• **Task to carry out**: Among the lines below, restate word for word only those from the line with "Red Japanese Yukata" through the line with "Monat Lawsuits 2018: Mags", with both end lines kept.

"""

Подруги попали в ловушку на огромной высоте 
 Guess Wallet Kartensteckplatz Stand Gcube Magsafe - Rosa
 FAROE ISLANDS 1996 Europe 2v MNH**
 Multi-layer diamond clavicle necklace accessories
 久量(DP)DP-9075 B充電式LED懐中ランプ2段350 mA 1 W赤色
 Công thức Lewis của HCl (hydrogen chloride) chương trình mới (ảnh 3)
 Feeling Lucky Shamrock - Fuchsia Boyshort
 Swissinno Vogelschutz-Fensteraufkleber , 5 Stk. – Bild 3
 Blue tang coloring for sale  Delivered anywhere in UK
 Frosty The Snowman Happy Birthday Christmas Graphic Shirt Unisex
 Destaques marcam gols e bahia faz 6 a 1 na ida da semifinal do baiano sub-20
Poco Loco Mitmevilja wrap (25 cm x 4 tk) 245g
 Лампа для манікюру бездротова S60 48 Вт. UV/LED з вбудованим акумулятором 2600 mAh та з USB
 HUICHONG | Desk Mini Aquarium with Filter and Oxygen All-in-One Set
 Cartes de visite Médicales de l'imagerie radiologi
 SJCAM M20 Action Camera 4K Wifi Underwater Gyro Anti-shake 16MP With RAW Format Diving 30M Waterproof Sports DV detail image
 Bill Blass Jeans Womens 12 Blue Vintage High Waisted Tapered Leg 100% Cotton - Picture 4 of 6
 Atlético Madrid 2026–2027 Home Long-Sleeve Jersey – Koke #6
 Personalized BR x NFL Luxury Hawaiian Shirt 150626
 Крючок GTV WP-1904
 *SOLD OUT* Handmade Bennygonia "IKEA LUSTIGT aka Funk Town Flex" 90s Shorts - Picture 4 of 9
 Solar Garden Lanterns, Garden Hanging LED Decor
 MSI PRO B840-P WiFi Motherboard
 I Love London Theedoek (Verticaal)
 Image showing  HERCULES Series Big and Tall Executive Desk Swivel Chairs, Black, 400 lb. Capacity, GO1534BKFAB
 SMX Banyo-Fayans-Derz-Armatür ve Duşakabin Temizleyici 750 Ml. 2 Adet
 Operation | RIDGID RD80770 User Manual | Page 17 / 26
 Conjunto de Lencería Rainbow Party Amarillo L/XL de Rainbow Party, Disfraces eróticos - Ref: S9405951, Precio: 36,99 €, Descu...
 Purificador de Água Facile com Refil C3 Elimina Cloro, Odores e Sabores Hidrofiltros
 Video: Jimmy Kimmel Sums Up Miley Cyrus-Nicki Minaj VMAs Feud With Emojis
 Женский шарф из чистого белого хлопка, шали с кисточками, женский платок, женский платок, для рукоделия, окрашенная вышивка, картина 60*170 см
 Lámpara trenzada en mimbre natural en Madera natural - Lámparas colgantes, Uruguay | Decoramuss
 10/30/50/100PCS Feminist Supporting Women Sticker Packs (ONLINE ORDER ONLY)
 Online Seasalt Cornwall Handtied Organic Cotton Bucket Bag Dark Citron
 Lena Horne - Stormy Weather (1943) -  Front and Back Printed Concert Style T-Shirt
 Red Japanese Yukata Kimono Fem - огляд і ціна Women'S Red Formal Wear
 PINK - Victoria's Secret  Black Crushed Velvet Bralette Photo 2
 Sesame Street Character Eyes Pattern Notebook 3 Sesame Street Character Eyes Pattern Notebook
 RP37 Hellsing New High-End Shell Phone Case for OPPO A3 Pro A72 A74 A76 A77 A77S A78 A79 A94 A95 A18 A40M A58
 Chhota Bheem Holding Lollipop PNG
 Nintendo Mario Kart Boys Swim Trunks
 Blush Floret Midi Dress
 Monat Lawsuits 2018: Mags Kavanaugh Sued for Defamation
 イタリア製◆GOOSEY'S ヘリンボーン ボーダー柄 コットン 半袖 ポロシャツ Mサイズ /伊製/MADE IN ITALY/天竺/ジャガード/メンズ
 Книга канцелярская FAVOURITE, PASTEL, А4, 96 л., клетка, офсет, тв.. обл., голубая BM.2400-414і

"""

• **Finished exercise**:
 Red Japanese Yukata Kimono Fem - огляд і ціна Women'S Red Formal Wear
 PINK - Victoria's Secret  Black Crushed Velvet Bralette Photo 2
 Sesame Street Character Eyes Pattern Notebook 3 Sesame Street Character Eyes Pattern Notebook
 RP37 Hellsing New High-End Shell Phone Case for OPPO A3 Pro A72 A74 A76 A77 A77S A78 A79 A94 A95 A18 A40M A58
 Chhota Bheem Holding Lollipop PNG
 Nintendo Mario Kart Boys Swim Trunks
 Blush Floret Midi Dress
 Monat Lawsuits 2018: Mags Kavanaugh Sued for Defamation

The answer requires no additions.